Damit bestätigte sich ein Eindruck, der in vielen Gesprächen auf der Messe spürbar war: Die Branche agiert vorsichtig, aber nicht orientierungslos. Investitionen werden genauer geprüft, Projekte stärker begründet und Entscheidungen länger vorbereitet. Wer nach Stuttgart kam, tat dies häufig mit konkreten technischen Fragestellungen – etwa zur Prozesssicherheit, Energieeffizienz, Automatisierung, Substitution kritischer Stoffe, Digitalisierung oder Kreislaufführung. Gerade deshalb bewerteten viele Aussteller den Messeverlauf als positiv. In einer konjunkturell robusten Phase wären 4.600 Besucher für eine Fachmesse dieser Größe eine solide Kennzahl; unter den aktuellen Bedingungen ist sie jedoch als deutliches Stabilisierungssignal zu werten.

Fachlicher Austausch statt Laufkundschaft

Auffällig war, dass die SurfaceTechnology GERMANY 2026 weniger durch große Publikumsströme als durch fachlich konzentrierte Gespräche geprägt war. Das ist für eine hochspezialisierte B2B-Messe nicht zwingend ein Nachteil. Viele Aussteller berichteten, dass die Besucher mit konkreten Anforderungen an Anlagen, Verfahren, Messsysteme oder Dienstleistungen an die Stände kamen. Damit unterschied sich die Stimmung von 2022, als nach der Pandemie zwar ein Wiedersehenseffekt spürbar war, die Investitionsbereitschaft und die Planungssicherheit aber vielerorts noch stark gebremst waren.
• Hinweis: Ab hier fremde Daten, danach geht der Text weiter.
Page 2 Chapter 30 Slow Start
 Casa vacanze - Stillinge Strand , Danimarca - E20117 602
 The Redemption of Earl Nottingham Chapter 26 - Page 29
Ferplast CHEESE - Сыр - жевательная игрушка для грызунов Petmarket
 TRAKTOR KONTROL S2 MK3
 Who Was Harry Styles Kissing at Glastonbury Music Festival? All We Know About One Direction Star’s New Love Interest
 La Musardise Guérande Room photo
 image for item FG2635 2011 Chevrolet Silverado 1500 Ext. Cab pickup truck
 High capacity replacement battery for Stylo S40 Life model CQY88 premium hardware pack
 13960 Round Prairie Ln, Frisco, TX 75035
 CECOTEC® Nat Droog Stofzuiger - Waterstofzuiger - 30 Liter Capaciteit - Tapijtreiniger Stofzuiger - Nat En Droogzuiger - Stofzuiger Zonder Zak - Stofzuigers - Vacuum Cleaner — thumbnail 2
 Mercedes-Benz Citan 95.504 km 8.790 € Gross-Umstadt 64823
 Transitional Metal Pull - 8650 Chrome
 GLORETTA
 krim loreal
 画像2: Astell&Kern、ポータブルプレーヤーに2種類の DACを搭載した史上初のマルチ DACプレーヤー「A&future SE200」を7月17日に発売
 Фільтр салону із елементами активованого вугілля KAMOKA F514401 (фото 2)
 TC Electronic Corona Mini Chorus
In Stuttgart zeigte sich nun ein anderes Bild: Nicht euphorisch, aber sachlich konstruktiv. Die Unternehmen stehen weiterhin unter Druck, suchen aber aktiv nach Lösungen. Das spiegelte sich in den ausgestellten Themen wider. Analytik, Badüberwachung, Inline-Messtechnik, automatisierte Qualitätskontrolle, Wasser- und Abwassertechnik, Wärmerückgewinnung, sichere Stromzuführung, energieeffiziente Trocknung, PFAS-freie Oberflächen, laserbasierte Reinigung, digitale Produktionssteuerung und kreislauffähige Prozesse bestimmten zahlreiche Gespräche.

Die Messegesellschaft hatte bereits vorab betont, dass die SurfaceTechnology GERMANY mit der Kombination aus Ausstellung und STG.ExpertForum ein breites Angebot an Lösungen und Austauschmöglichkeiten für aktuelle Branchenthemen bieten solle. Mehr als 210 nationale und internationale Aussteller reisten mit Innovationen und Produkten nach Stuttgart; ergänzt wurde die Messe unter anderem durch die Gemeinschaftsstände des ZVO und der „Prozesskette Oberflächentechnik“ sowie durch den VDMA-Informationsstand.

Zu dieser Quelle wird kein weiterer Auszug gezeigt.